The Secret Garden by Frances Hodgson Burnett
“Dickon made the stimulating discovery […] there was a deep little hollow where you could build a sort of tiny oven with stones and roast potatoes and eggs in it. […] Very hot potatoes with salt and fresh butter in them were fit for a woodland king—besides being deliciously satisfying.”
Recipe: Crispy Potatoes
The adventures of Mary Lennox, Colin Craven, and Dickon Sowerby are filled with imaginative forays into a secret garden that they coax back to life. In it, they discover many wonders, including a place to build an oven for preparing assorted dishes, including buttered and roasted potatoes.
The Secret Life of Bees by Sue Monk Kidd
“They got under way slicing ham, laying out fried chicken, shaking paprika on the deviled eggs. We had green beans, turnips, macaroni and cheese, caramel cake—all kinds of funeral foods. We ate standing in the kitchen holding paper plates […].”
Sue Monk Kidd’s The Secret Life of Bees is set in 1964 in the fictional Southern town of Sylvan, South Carolina. Unsurprisingly, it includes more than a few references to classic Southern dishes.
Their Eyes Were Watching God by Zora Neale Hurston
“She was stretched on her back beneath the pear tree soaking in the alto chant of the visiting bees, the gold of the sun and the panting breath of the breeze when the inaudible voice of it all came to her.”

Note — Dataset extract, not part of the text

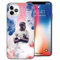 BAI JING Handyhülle für iPhone 14 Pro Max,(6.7 Zoll) Ultra Slim klares Muster Design Telefonabdeckung [BJDE20220459]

Zora Neale Hurston’s heroine, Janie, tells the story of her life, beginning with young adulthood, when a pear tree catches her eye and all of life’s possibilities seem to her present in its branches.
To Kill a Mockingbird by Harper Lee
“I’ll make him a Lane cake. That Stephanie’s been after my recipe for thirty years, and if she thinks I’ll give it to her just because I’m staying with her, she’s got another think coming.”
Recipe: Lane Cake
In To Kill a Mockingbird, Scout Finch’s neighbor, Miss Maudie Atkinson, makes a bourbon-loaded Lane cake that’s famous all over the town of Maycomb, Alabama.
Winnie-the-Pooh by A.A. Milne
“‘Well,’ said Pooh, ‘it’s the middle of the night, which is a good time for going to sleep. And to-morrow morning we’ll have some honey for breakfast. Do Tiggers like honey?’
‘They like everything,’ said Tigger cheerfully.”
Recipe: Hot Honey
Winnie-the-Pooh and honey go together like, well, you get the idea. Hot honey adds a kick to the sweet syrup you know and love; try a drizzle on homemade pizza, chicken, or roasted sweet potatoes.